• **Given data**
##########
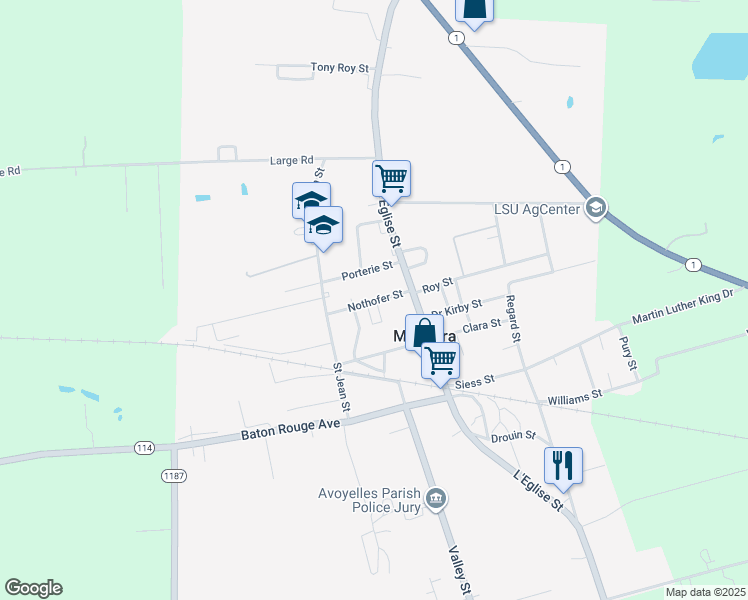 map of restaurants, bars, coffee shops, grocery stores, and more near 6719 Nothofer Street in Mansura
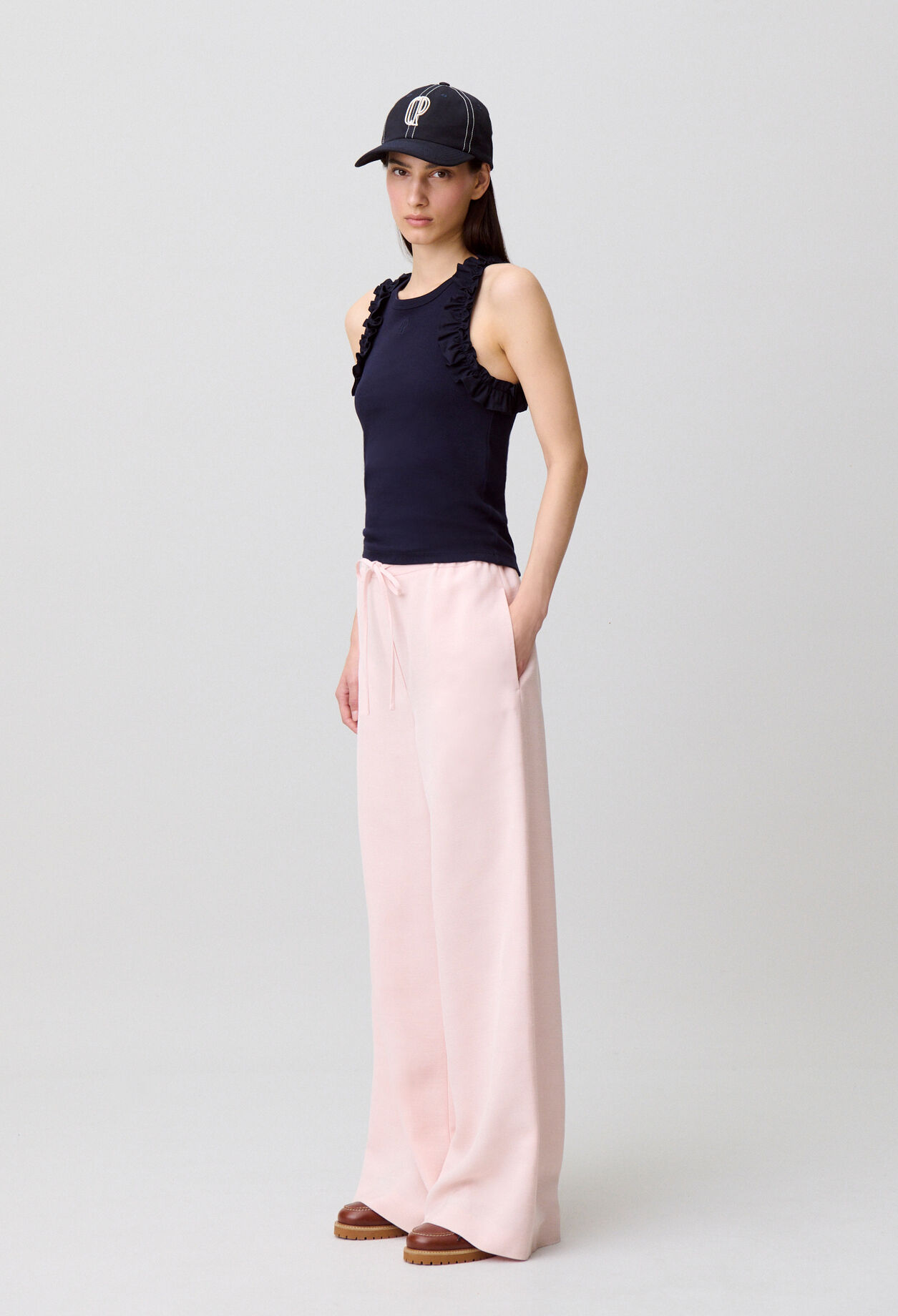 Pantalon large ficelle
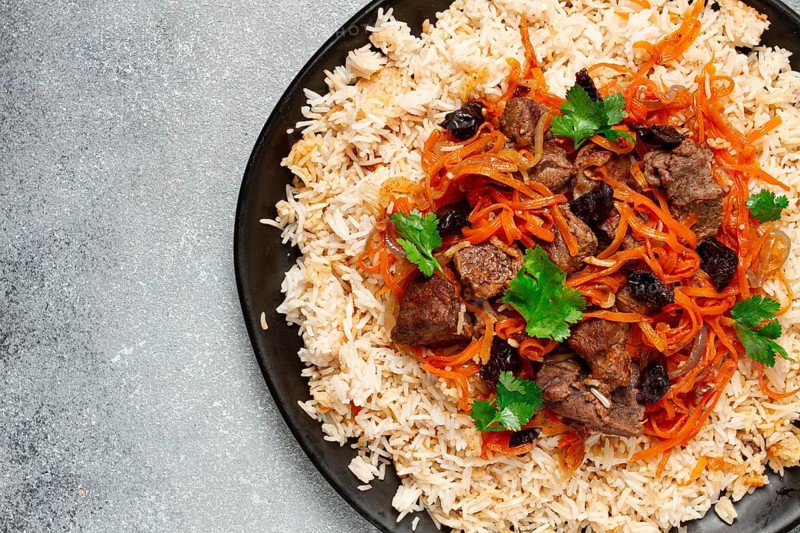 Kabuli pulao, pilaf, the national dish of Afghanistan, rice with meat, homemade, no people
##########
• **What the exercise asks**
Transcribe the listing exactly. Its images are to be omitted.

• **Answer for this exercise**
 map of restaurants, bars, coffee shops, grocery stores, and more near 6719 Nothofer Street in Mansura
 Pantalon large ficelle
 Kabuli pulao, pilaf, the national dish of Afghanistan, rice with meat, homemade, no people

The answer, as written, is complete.